Encryption scrambles information so only someone with the right key can turn it back into readable data.

Updated July 2, 2026

Encrypted doesn’t mean safe no matter what. It means safer, not magic. If the key is stolen, shared too widely, or stored right next to the data, the lock barely helps. A locked pouch with the key taped to the front is not a security strategy.

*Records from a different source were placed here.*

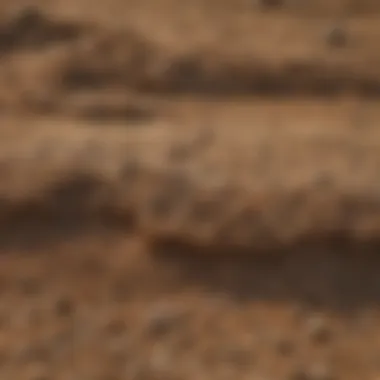 Close-up view of sandy soil texture and its characteristics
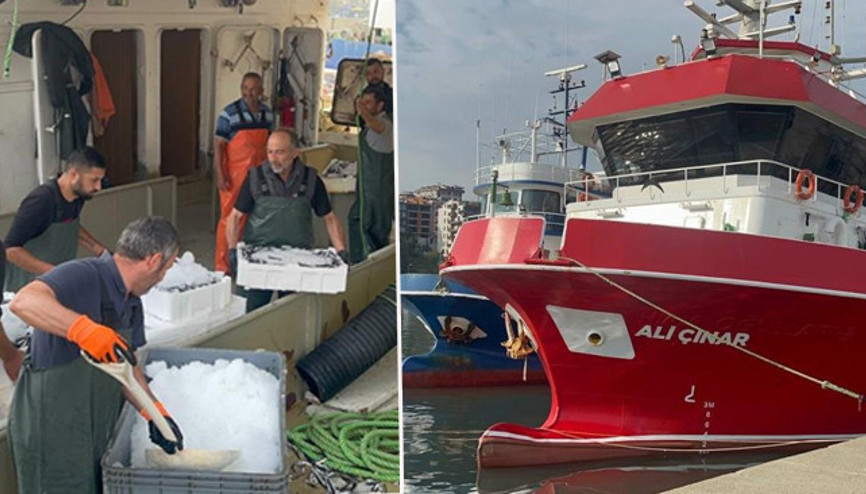 Karadenizden kasalarca çıktı Fiyatı 150 lira birden düştü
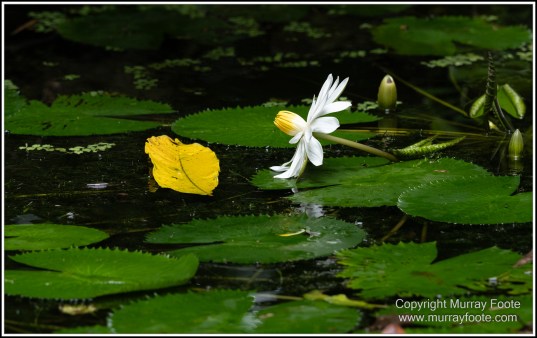 Barron Falls, Cape Tribulation, Cow Bay, Daintree, Jindalba Boardwalk, Kuranda, Landscape, Nature, Photography, Queensland, seascape, Travel, Wilderness, Wildlife
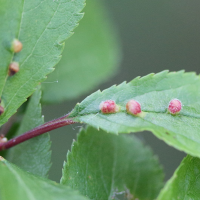 phyllocoptes_eupadi_galle3md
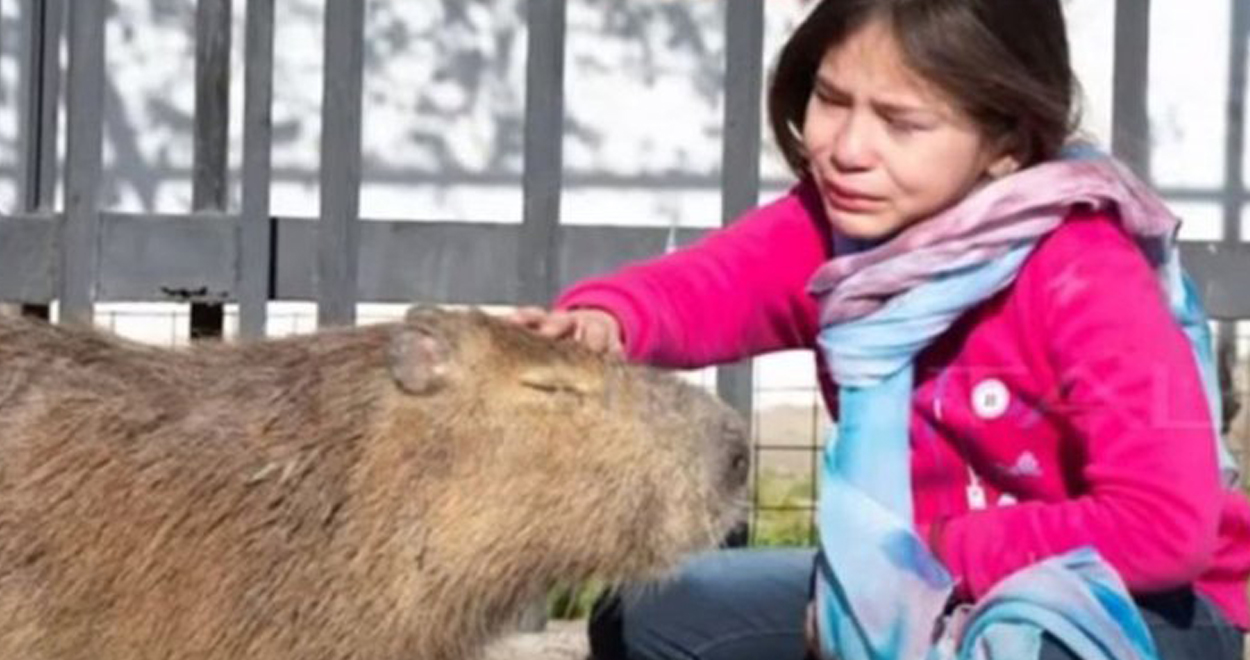 Envenenaron a Pancho, el capibara de una niña de ocho años que luchó por su  libertad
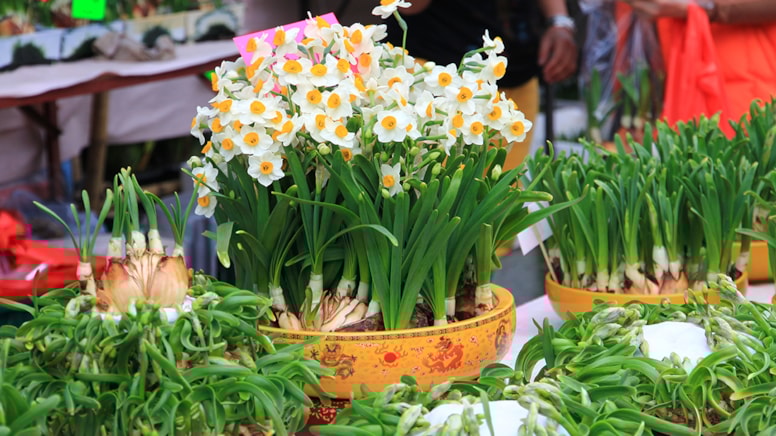 Ellerinizi asla değdirmeyin! Bu çiçek gizli güçlere sahip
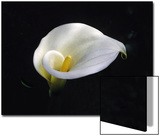 White Calla Lily  Zantedeschia Aethiopica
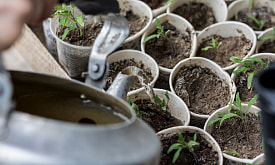 Самые удачные дни для посева томатов и огурцов в апреле: как не промахнуться с датами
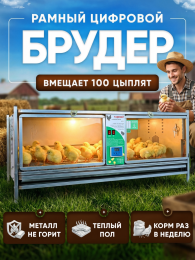 Птицеводство Птицеводство
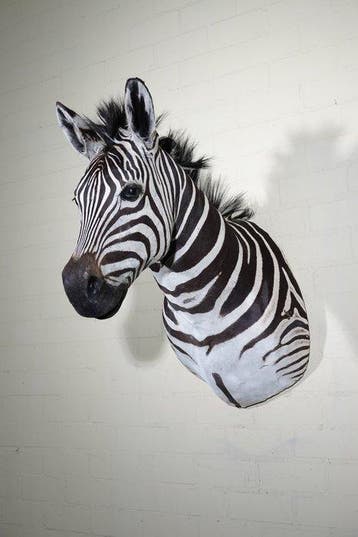 Zebra Head Taxidermie wandmontage - Equus quagga----- NO, Nieuw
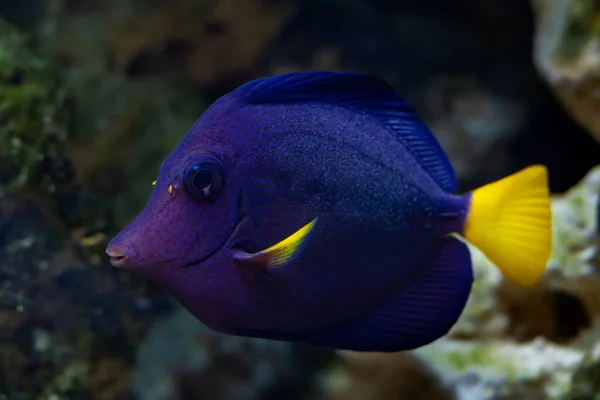 Žlutý Ocas Tang Juvenilní Ryby Zkontrolovat Růst Řas Předním Skle — Stock fotografie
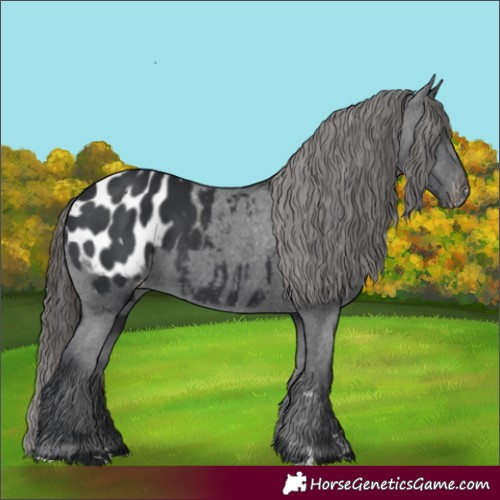 Horse Color:Black Blanket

Think of a locked document pouch. You can hand it to a courier or leave it in a cabinet, and the papers inside stay unreadable unless someone has the key. Encryption is the digital version. A message, file, password, or database field gets turned into nonsense, and the key turns it back.

How it shows up

You’ll see it around passwords, browser connections, secrets, backups, and client data. HTTPS is encryption, so information moving between you and a site can’t be read by random people in the middle. It matters for AI tools because agents increasingly touch real business data: reading documents, connecting to email, handling API keys. So you care whether data is encrypted in transit, encrypted where it’s stored, and who can decrypt it. Don’t confuse this with authentication, which asks “Who are you?” not “Can anyone else read this?” And permission scope still matters: maybe the agent can read a folder but not export it.

Why you care

You don’t need to become a cryptographer. You need to ask better questions. Where is this data stored? Is it encrypted? Who has the key? Can the agent read the raw value, or only use it for the task? Privacy depends on who can open the pouch, not just where it’s sitting.